Halloumi Tofu Bowls
with Cucumber Tomato Salad & Tahini Amba Dressing
- ½ cup red quinoa
- 1 cucumber
- 1 tomato
- 1 red onion
- 1 lemon
- 1 tbsp mango chutney
- 2 tbsp tahini
- 10 oz Hodo® Organic Firm Tofu
- 1 tbsp za’atar seasoning
- 1 tbsp nutritional yeast
- 4 oz shredded red cabbage
- 4 tbsp (8 tbsp) olive oil*
- *Not included
- For full ingredient list, see Nutrition
- Large nonstick skillet
- Small saucepan with lid
Add the red quinoa, 1 cup (2 cups) water, and a pinch of salt to a small saucepan over high heat. Bring to a boil, reduce heat, cover, and cook until the spirals burst and water is absorbed, 15 to 17 minutes.

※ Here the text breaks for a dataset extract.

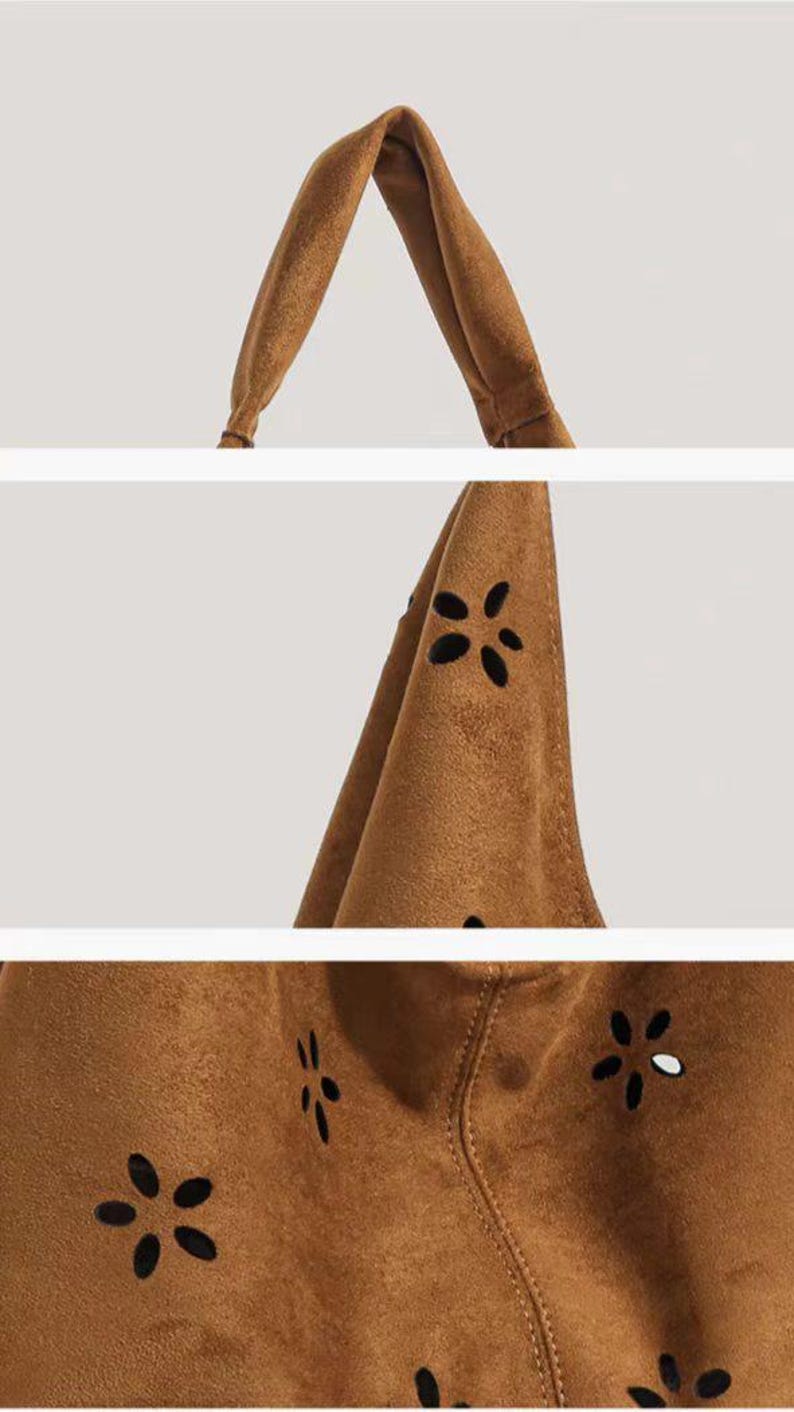 May include: Close-up shots of a brown suede tote bag. The bag features a handle and a body with flower-shaped cutouts. The stitching is visible, and the bag appears to be made of a soft material. The bag is a neutral color.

Peel the cucumber(s) and halve lengthwise. Remove the seeds with a spoon, and slice. Cut the tomato(es) into wedges. Peel and thinly slice the red onion(s). Halve and juice the lemon(s). Add the sliced cucumber, tomato wedges, as much sliced red onion as you’d like, just half the lemon juice, 2 tbsp (4 tbsp) olive oil, and a pinch of salt to a large bowl. Toss the cucumber tomato salad to combine.
Add the mango chutney, tahini, 1 tbsp (2 tbsp) lemon juice, 1 tbsp (2 tbsp) olive oil, 3 tbsp (6 tbsp) warm water, and a pinch of salt to a medium bowl. Whisk tahini amba dressing until smooth.
Pat the tofu dry with a clean kitchen towel and cut into 1 inch cubes. Heat 1 tbsp (2 tbsp) olive oil in a large nonstick skillet over medium-high heat. Add the cubed tofu and cook until crispy, 4 to 6 minutes. Add the za’atar seasoning, nutritional yeast, and ¼ tsp (½ tsp) salt. Cook the halloumi tofu until fragrant, another 1 to 2 minutes.
Divide the cooked red quinoa between large bowls, and add the cucumber tomato salad and halloumi tofu. Top with red cabbage and drizzle with any remaining lemon juice. Serve with tahini amba dressing for dipping. Dig in!